## Given material
+ + + + +

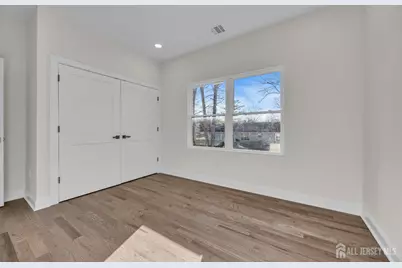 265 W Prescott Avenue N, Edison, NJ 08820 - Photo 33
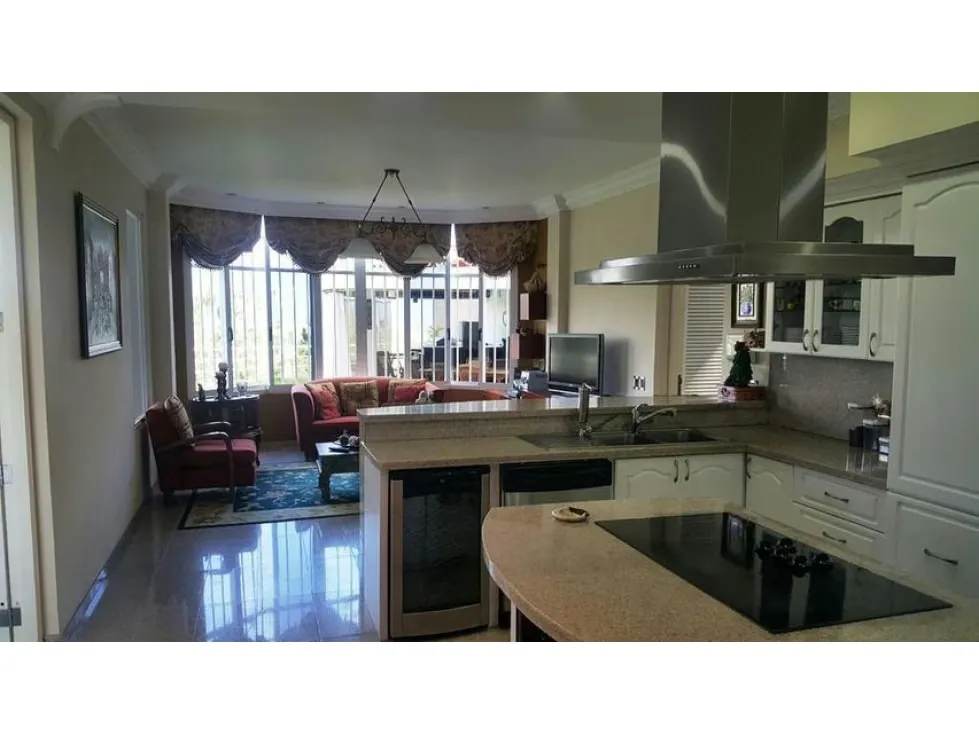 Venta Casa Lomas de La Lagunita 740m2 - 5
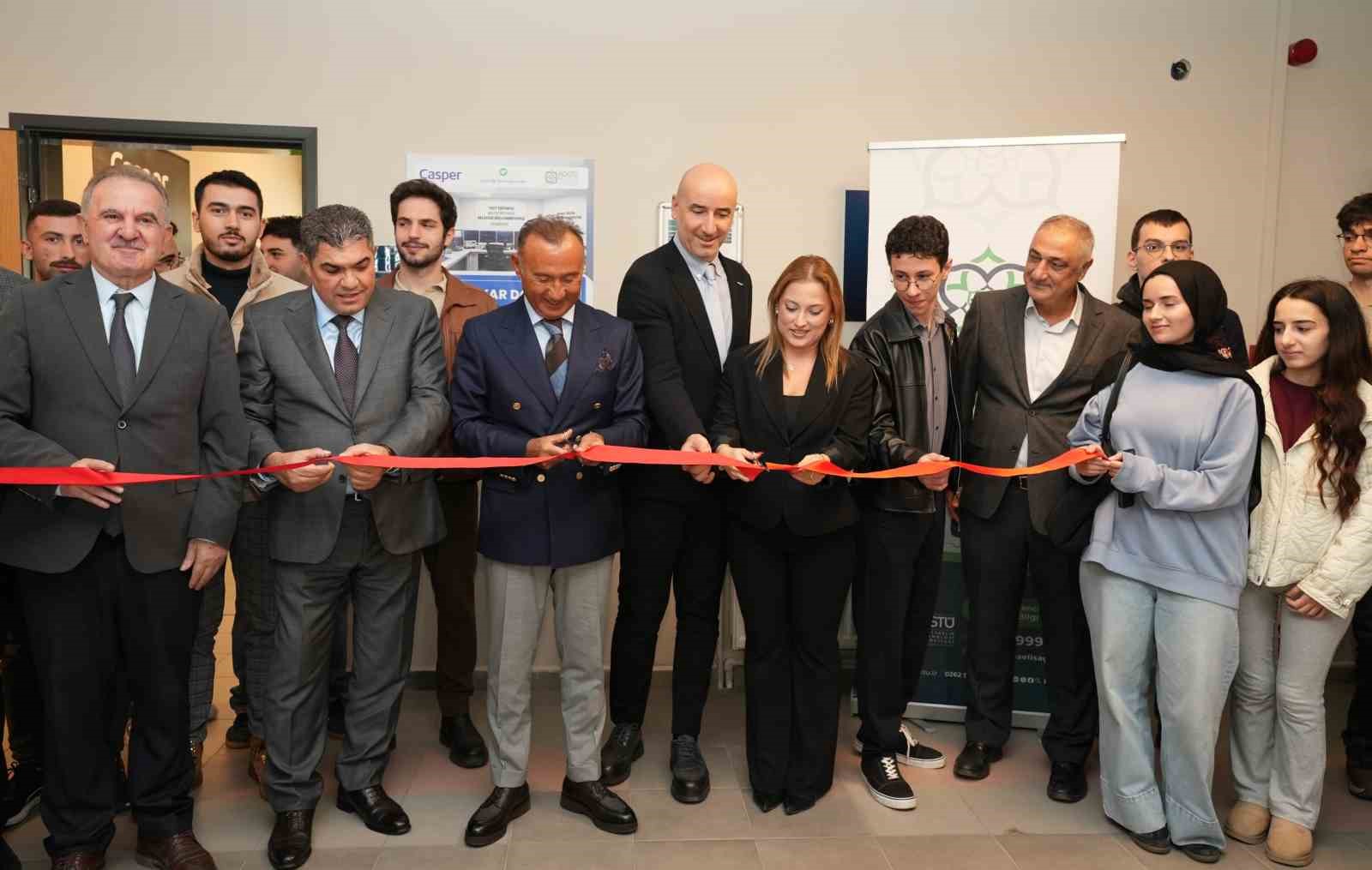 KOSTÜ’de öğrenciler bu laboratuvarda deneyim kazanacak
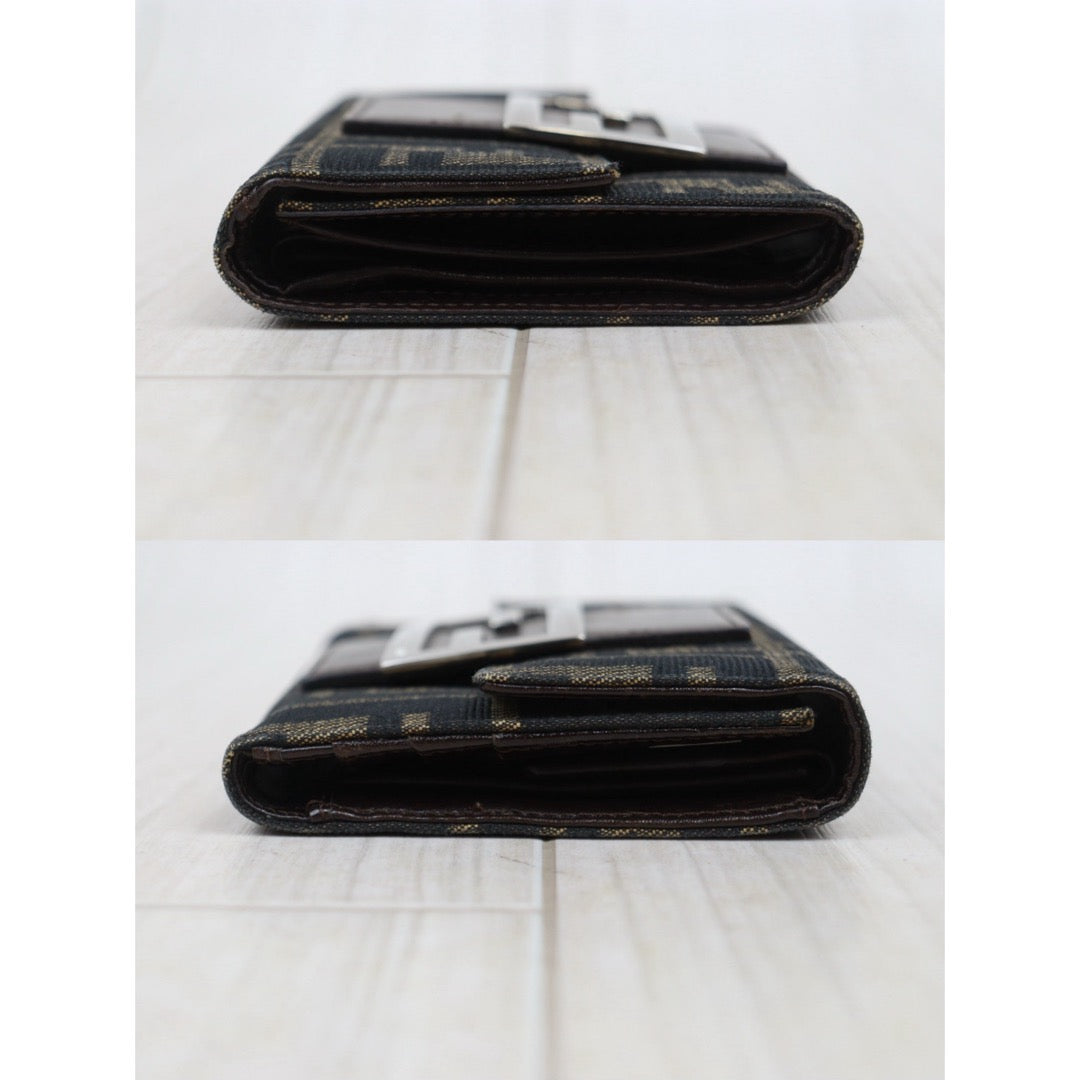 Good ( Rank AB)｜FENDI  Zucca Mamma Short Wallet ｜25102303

+ + + + +

## Task details
Your output should be only the lines from the line with "KOSTÜ’de öğrenciler bu" through the end of the data, exactly as they stand, and no pictures.

## Result
 KOSTÜ’de öğrenciler bu laboratuvarda deneyim kazanacak
 Good ( Rank AB)｜FENDI  Zucca Mamma Short Wallet ｜25102303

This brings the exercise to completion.